Kansas City had been the hottest team in baseball before returning home on Aug. 29. The Royals went 1-2 against the Yankees and 1-2 against the Tigers in a disappointing home stand. All four of those losses came in winnable games. And, all four of those losses were extra painful as both Detroit and New York remain ahead of Kansas City in the playoff hunt.
KC’s Sept. 2 loss to Detroit wasn’t Yost’s fault. The Royals trailed most of the night before scoring two in the eighth to take a 6-5 lead. Wade Davis was a natural choice after his return from an injury, but the two runs he allowed in the ninth proved to be the difference. Yost went with Soria in Sunday’s loss to Detroit, and he again went with Soria in Wednesday’s loss in Minnesota. Both appearances were disastrous.

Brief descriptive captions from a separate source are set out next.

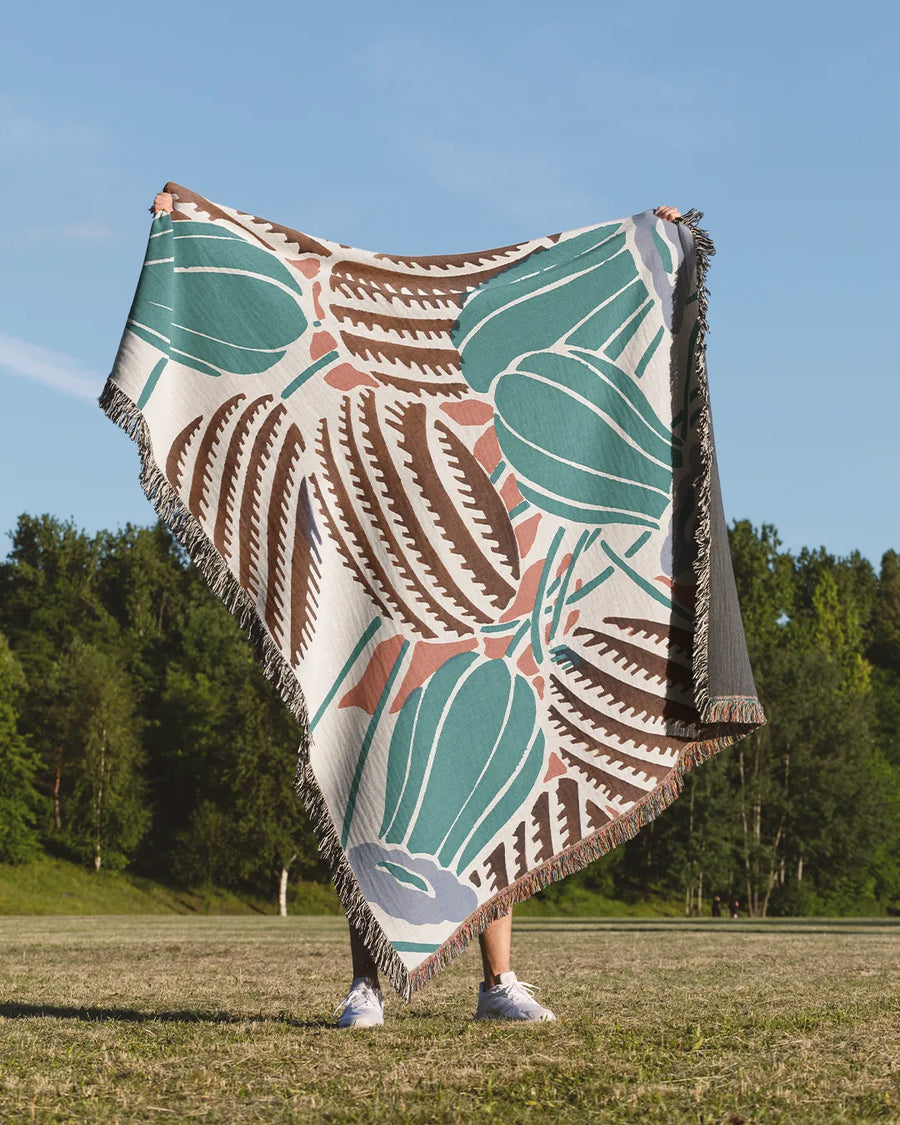 Desert-inspired woven throw blanket with cactus and floral patterns in earthy green, brown, and beige.
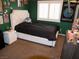 Cozy bedroom with carpet, a window with shutters, and a comfortable bed at 7313 Bosky Springs St, Las Vegas, NV 89131
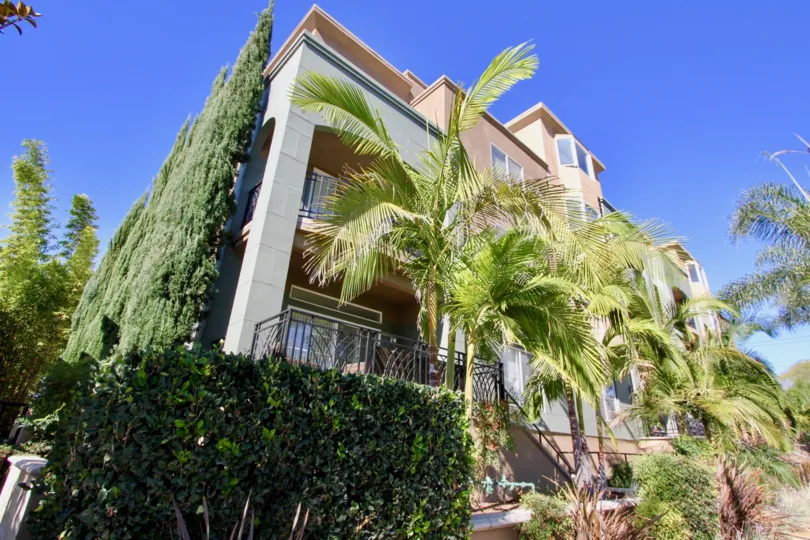 A low-rise housing unit with plenty of tall greens in the Centre Court Condominiums community.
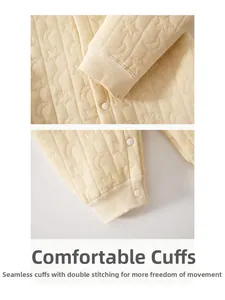 Detail of star-patterned quilted baby romper showing ribbed cuffs and snap buttons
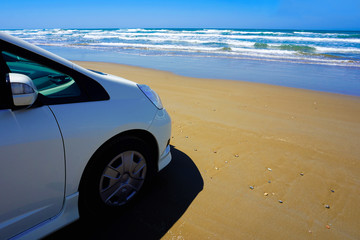 Car facing the sea on the beach. ビーチで海と向かい合う自動車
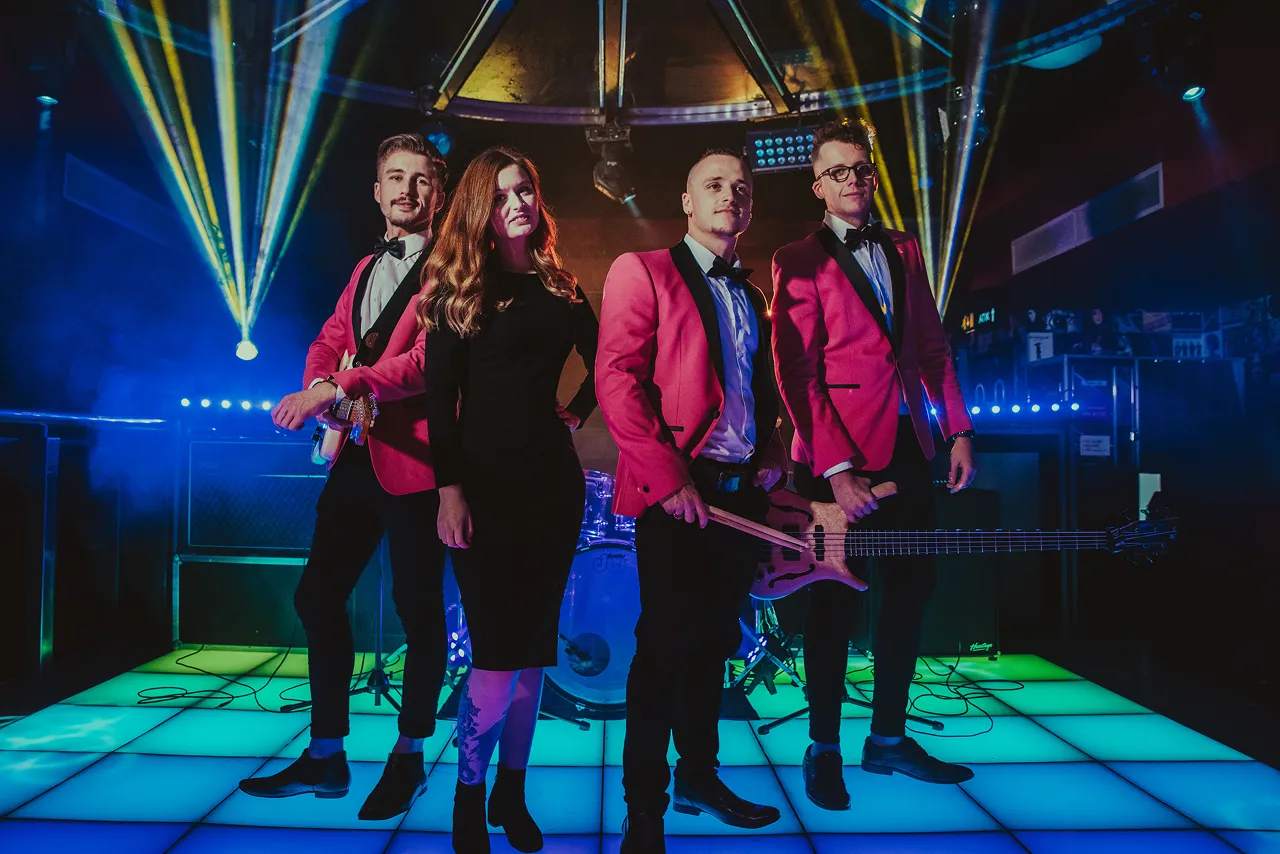 Four musicians standing on a brightly lit stage with blue and green floor panels and colorful spotlights behind them.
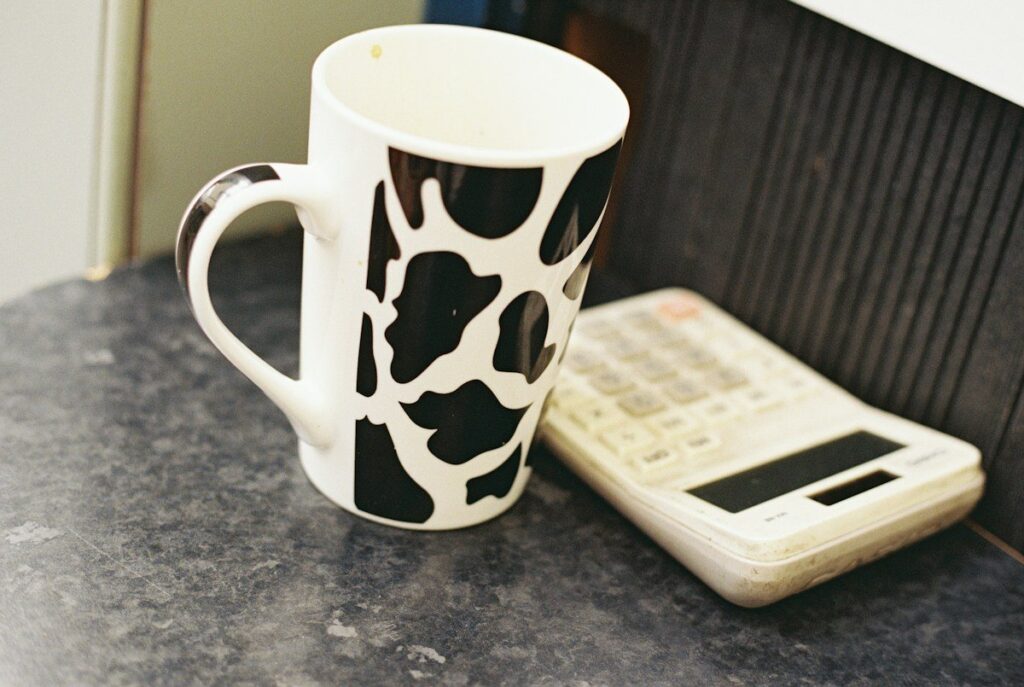 Pocket calculator beside a coffee mug on a desk, used to check the margin a spread bet needs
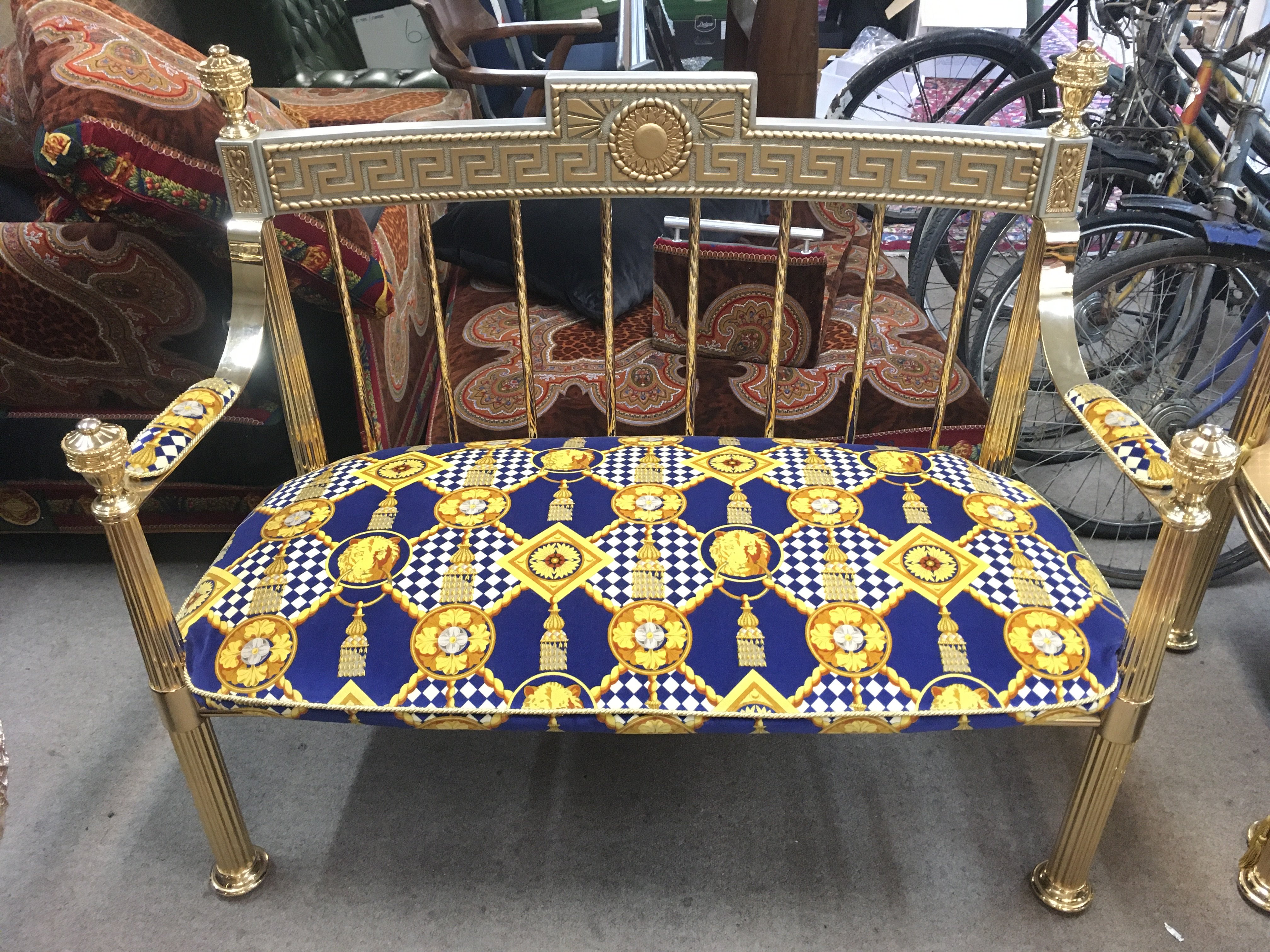 A Versace-style gilt settee upholstered in a blue, gold, and white Lion head-patterned fabric. With three pillows. 88cm tall, 118cm wide , 62cm long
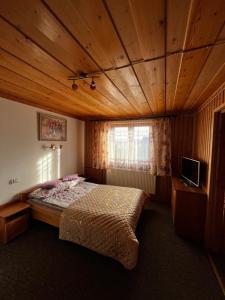 a bedroom with a bed in a wooden room at ,, U Nikoli" in Bukowina Tatrzańska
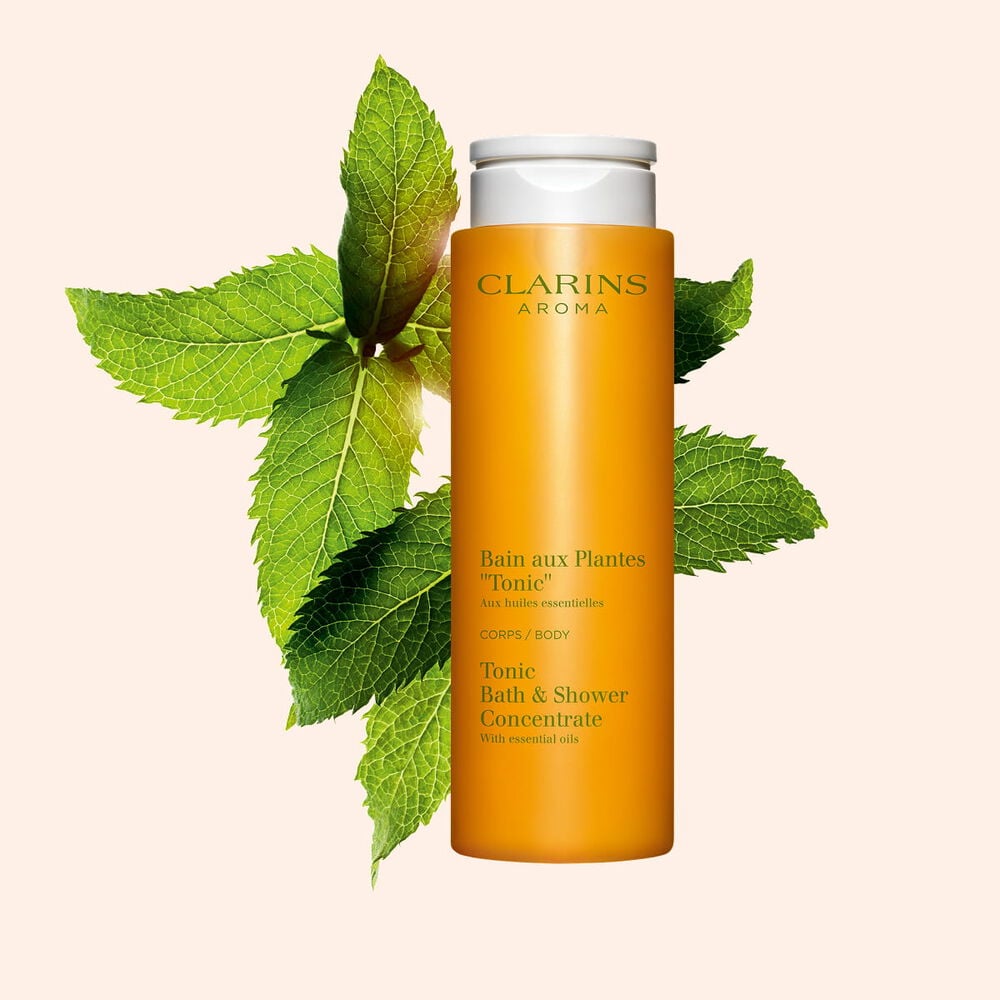 Packshot del Bagno Doccia Piante &ldquo;Tonicit&agrave;&rdquo; Clarins vicino a foglie di menta e rosmarino su uno sfondo arancione.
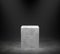 Empty marble podium on concrete floor with spotlight background. 3D rendering.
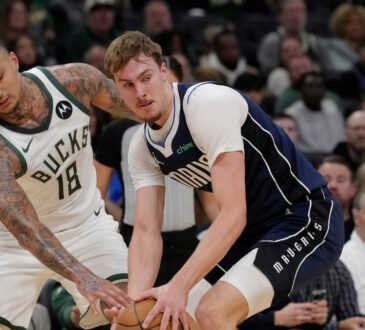 Cooper Flagg #32 of the Dallas Mavericks attempts a steal against Kyle Kuzma #18 of the Milwaukee Bucks during the first quarter at Fiserv Forum.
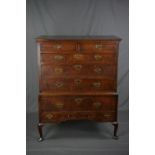 A GEORGE III OAK CHEST ON STAND, moulded cornice above two short and three long drawers, the stand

Somehow, Kansas City has managed to stay in the Wild Card chase despite the latest run of bad decision making by Yost. Fortunately, KC lost little ground Wednesday as Baltimore, Houston, and Detroit each lost. The bad news is the Royals failed to pick up important ground when a win was in hand.
Four games from a Wild Card spot heading into Thursday’s night off, the Royals are still well within reach of a playoff spot. Imagine the position they’d be in if Yost preferred a guy like Matt Strahm over the unreliable Soria.